--- Source data Enclosed Below ---
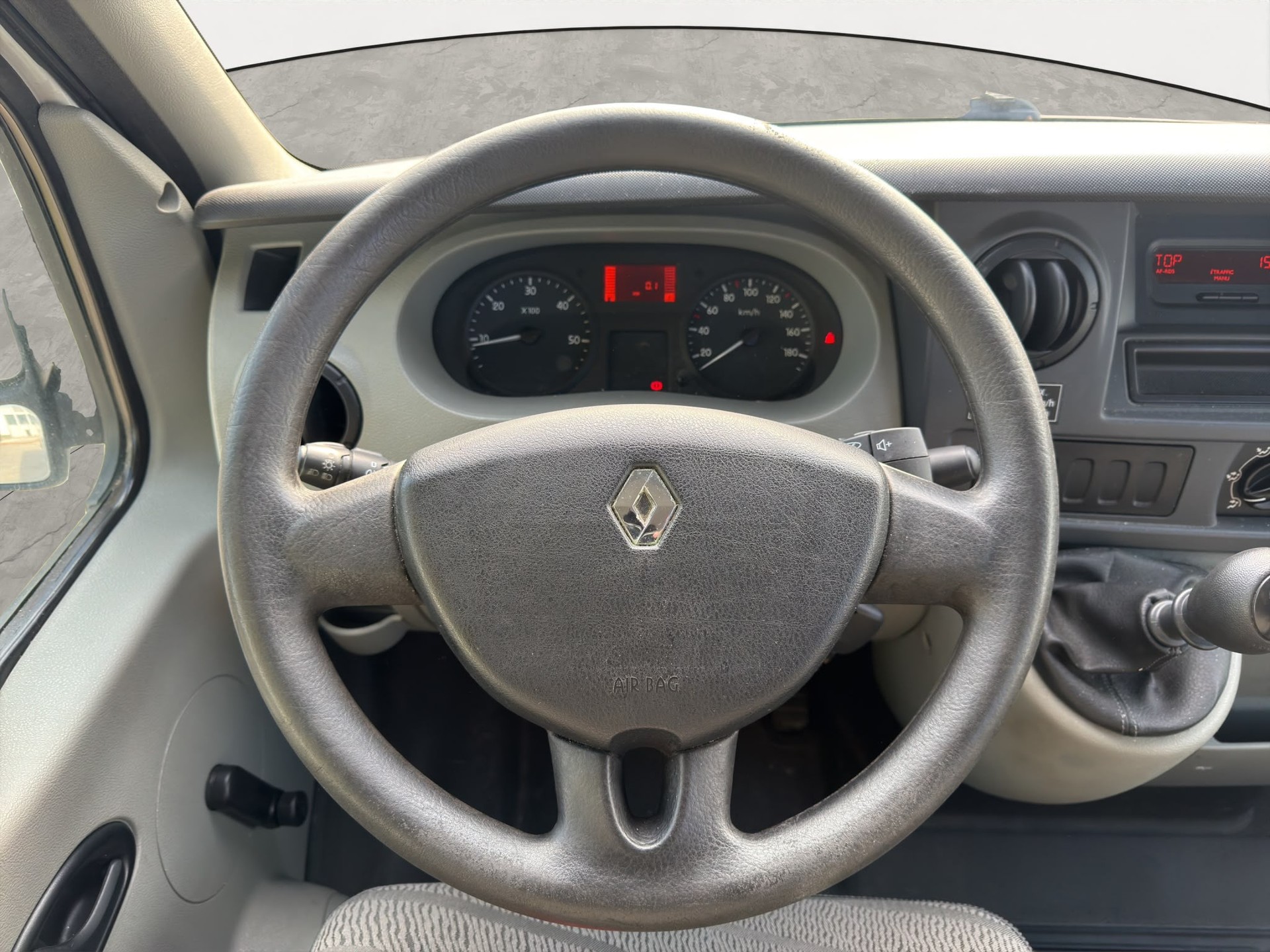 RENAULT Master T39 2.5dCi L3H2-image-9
--- End of Enclosed Source data ---
--- Source data Enclosed Below ---
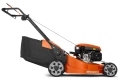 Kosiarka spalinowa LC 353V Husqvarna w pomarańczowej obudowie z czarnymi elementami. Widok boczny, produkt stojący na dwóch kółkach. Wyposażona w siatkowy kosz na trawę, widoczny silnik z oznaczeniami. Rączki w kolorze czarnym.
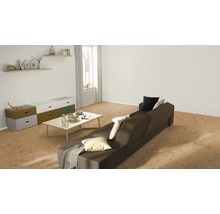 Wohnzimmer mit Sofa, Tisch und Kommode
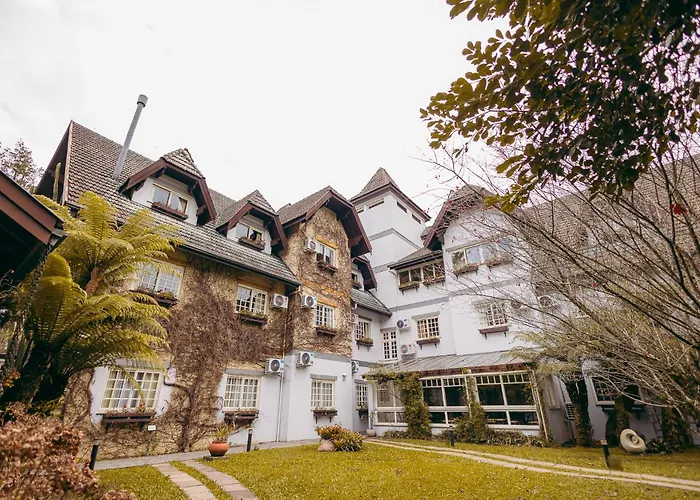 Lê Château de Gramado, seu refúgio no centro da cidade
--- End of Enclosed Source data ---
**The task**
Of the lines above, quote exactly those from the one with "Wohnzimmer mit Sofa, Tisch und Kommode" through the one with "Lê Château de", ends included; pictures stay out.

**Solution to this task**
 Wohnzimmer mit Sofa, Tisch und Kommode
 Lê Château de Gramado, seu refúgio no centro da cidade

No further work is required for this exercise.